1. Introduction
Complex infected pleural spaces are difficult to manage, especially after previous failed medical, interventional, or surgical attempts. Combined culture-driven antibiotic regimens and repetitive tube thoracostomy are frequently unsuccessful for treating compartmentalized cavities filled with fibrinopurulent material and trapped lung as shown in 
Figure 1 [
1,
2,
3,
4]. Prolonged hospital admissions and repetitive failed interventions means that complex pleural empyema remains a challenge for healthcare professionals with a high in hospital mortality rate, which was reported by Perez-de-Paz to be 11% [
5]. Surgery involving debridement and washout is indicated for infection source control and decortication for lung re-expansion; however, these targets are not always attained.
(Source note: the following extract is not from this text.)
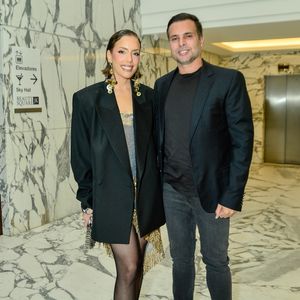Fabiana Justus equilibrou o corte masculino de um blazer oversized preto de alfaiataria com a sensualidade de um vestido curto metalizado com detalhes em dourado e barra assimétrica de franjas. A influenciadora digital arrematou a composição com meia-calça fina preta, sandálias de tiras finas prateadas e maxibrincos geométricos em tom de ouro velho que emolduraram seu penteado de efeito molhado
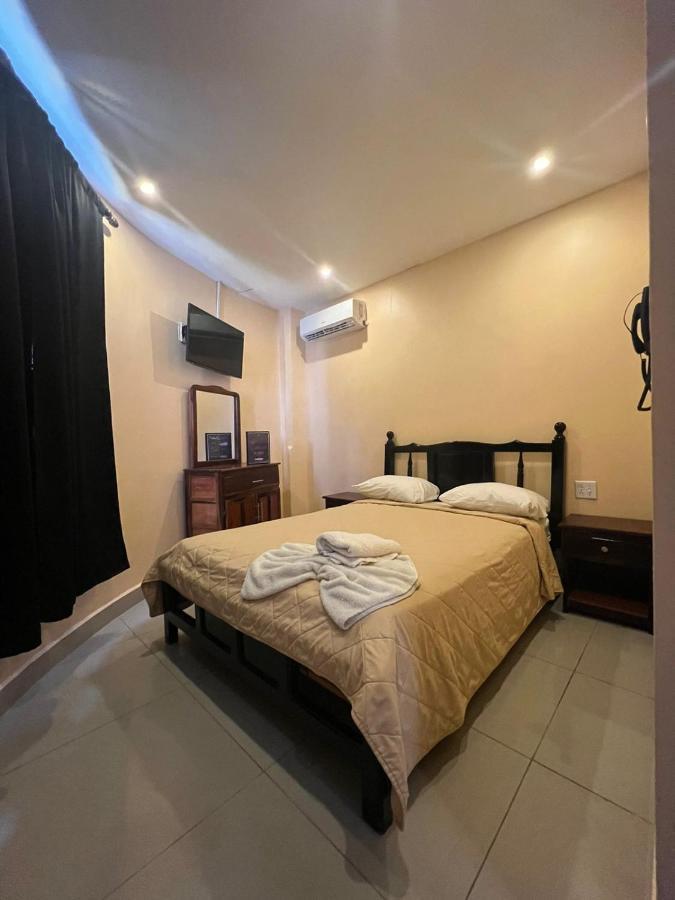 La Cubana Hotel & Suites Colon Zewnętrze zdjęcie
In the pre-minimally invasive surgery era, popular techniques used in the treatment of complex pleural infections with septic chronic spaces included long-term drainage and thoracotomy procedures combined with Eloesser flap thoracostomy, extensive rib thoracoplasty, Clagett procedure and even costopleuropneumonectomy [
6]. Currently, video-assisted thoracoscopic surgery (VATS) for decortication is the mainstay of treatment, but the success strongly depends on whether the lung can be adequately decorticated and re-expanded [
7,
8]. Failure can be related to poor lung compliance, inability to decorticate the lung, underlying parenchymal active infection and residual space with a large disproportion of ratio of the lung volume to the pleural cavity, which may necessitate collapse strategies [
9,
10]. For the majority of modern thoracic surgeons, especially among those lacking extensive experience in this type of surgery, a failed decortication, either open or VATS, equals deforming thoracoplastic surgery. However, reviewing traditional approaches resurfaces the forgotten Sawamura technique, an effective but largely disused open thoracotomy procedure, which can be combined with other techniques to control challenging pleural infections without deforming steps or extensive decortications and in its principle, it refers to soft elements collapse initially used in the treatment of pleural tuberculosis. Although tuberculosis remains rare in most developed countries, complex pleural infections can occur in immunocompromised adults and sadly in mismanaged medical cases [
11]. Below we present three representative cases where the Sawamura thoracoplasty was the definite effective procedure.
  2. Technique Description
  2.1. Procedure Planning
Candidates for the procedure include those resistant to medical treatment(s) and successive failed percutaneous interventions that develop infection chronicity in their parenchyma and pleural cavity with trapped (and potentially necrotic) lung. Physical fitness is inevitably reduced in septic patients; however, patients must have adequate stamina to withstand general anesthesia and thoracotomy. There are no rules for preoperative evaluation as these patients cannot be accurately evaluated with spirometry; however, we suggest an evaluation of the cardiovascular risk at least with physical examination, detailed history regarding cardio-pulmonary disease and echocardiography as minimum. Recent imaging of the chest by computed tomography (CT-scan) with intravenous contrast should always be available by the referring medical team. These should be studied thoroughly to evaluate (a) the thoracic cage anatomy, (b) the parenchymal condition (i.e., healthy, atelectatic, consolidated, gangrenous-necrotic), (c) the location and extent of the pleural cavity space with designation of the most gravity-dependent drainage area in case only a thoracostomy is performed, and (d) the thickness of the soft elements of the chest. We do not advise only regular chest x-rays, unless the local resources are limited, as these can only provide details about the chest morphology but limited details on the parenchyma. Magnetic resonance imaging is of little value as all of the desired information can be equally well provided by a CT scan. As decortications and chest wall resections can lead to significant blood loss, it is always advisable to optimize the pre-operative hemoglobin levels and have cross-matched red blood cells for intraoperative transfusion. The availability of a high-dependency (HDU) or intensive care unit (ICU) bed is desirable considering the septic profile and severity of the thoracotomy procedure; however, this procedure is addressed mainly for the areas with limited resources and preoperative preparation, and optimization of the patient should exclude this need.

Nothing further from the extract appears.